For Melvin Butler, associate professor of musicology at the Frost School of Music, his third year at Stanford Residential College as the only Frost School faculty member opens opportunities to be creative in the kind of programming he plans to offer undergraduate students. With cautious optimism, he’s hoping to build on what he has done in the past as an associate residential faculty member by incorporating musical activities in a new way, leveraging technology to enhance what’s been done, and tapping into the students’ world. 

“Students, in many ways, are more accustomed to engagement using technology,” noted Butler. “Music is an area that works well in this format.” As part of his programming, he’s considering planning an online talent show, which is something that has not been done in the past. But he sees it as a fun way to draw students out, virtually, and include those who may be nervous about physically performing in front of a crowd.

Butler and his wife, Lori, have decided to homeschool their keyboard-playing, seven-year-old son, Stanley. A second-grader, their son is on the autism spectrum and they want to tap into his gifts—he has great pitch retention—and embrace the flexibility this learning format affords. “It’s nice that we’re on campus with so many resources,” Butler said. 

At this point, Butler is refining the skills he has been acquiring to effectively teach and engage with his students online. This fall he is teaching two hybrid sections of an undergraduate course on experiencing music. “The most exciting thing I’m trying is petitioning a collaboration with Lien Tran from the Interactive Media program in the School of Communication,” he said, referring to a project Tran launched—with the help of a CREATE grant—to work with the University’s public sculptures program and produce an interactive virtual tour. 

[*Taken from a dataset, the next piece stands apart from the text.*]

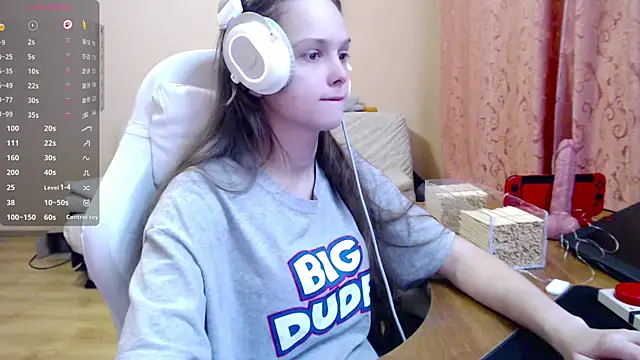 SharybbFace online show from October 30, 2025, 3:09 pm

As part of his class project, Butler’s students will tour the campus sculptures on their own, get to know the campus, and think about how they might sculpt music in response to the sculptures they see. “Students on campus will be able to get outside safely to physically tour the sculptures. And with the help of the virtual map, students learning remotely can access the art online,” Butler added. It’s a new project inspired by new circumstances, but one he would like to continue offering in the future.